Google a identifié et bloqué pour la première fois une faille zero-day d’IA qui contournait l'authentification à deux facteurs.
Google a découvert une faille zéro jour créée par l'IA
*Résumé des faits*
Le jeudi et pourquoi
La découverte
Google Threat Intelligence Group (GTIG) a identifié et bloqué pour la première fois une nouvelle faille zéro jour. L'exploit a été généré à l'aide de l'intelligence artificielle, et non rédigé manuellement par un humain.
Objectif de l'attaque
Interférence massive sur le système d'authentification à deux facteurs (2FA) d'une application web open source pour l'administration système.

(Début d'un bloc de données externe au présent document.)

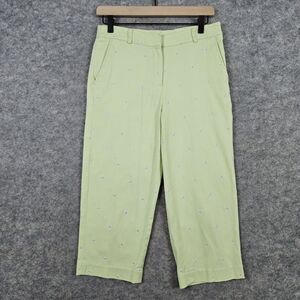 Briggs New York Capri Pants Size 6P Green Embroidered Flowers LOOSE INNER BUTTON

Comment les traces d'IA ont été reconnues
Dans le code Python, il y avait des « signatures » – une fausse évaluation CVSS, un formatage typiquement « pédagogique » et des motifs caractéristiques des grands modèles linguistiques (LLM).
Cause de la vulnérabilité
Erreur logique : le développeur a supposé qu'un certain composant du système était toujours sûr et ne l'a pas vérifié. Grâce à cet élément non vérifié, les attaquants contournent la 2FA.
Objet ciblé
Google ne révèle pas d'application spécifique.
Rôle de Gemini
Selon les chercheurs, le modèle Gemini n'a pas été utilisé pour créer l'exploit.
Prévention
L'attaque a été arrêtée avant qu'elle ne devienne massive.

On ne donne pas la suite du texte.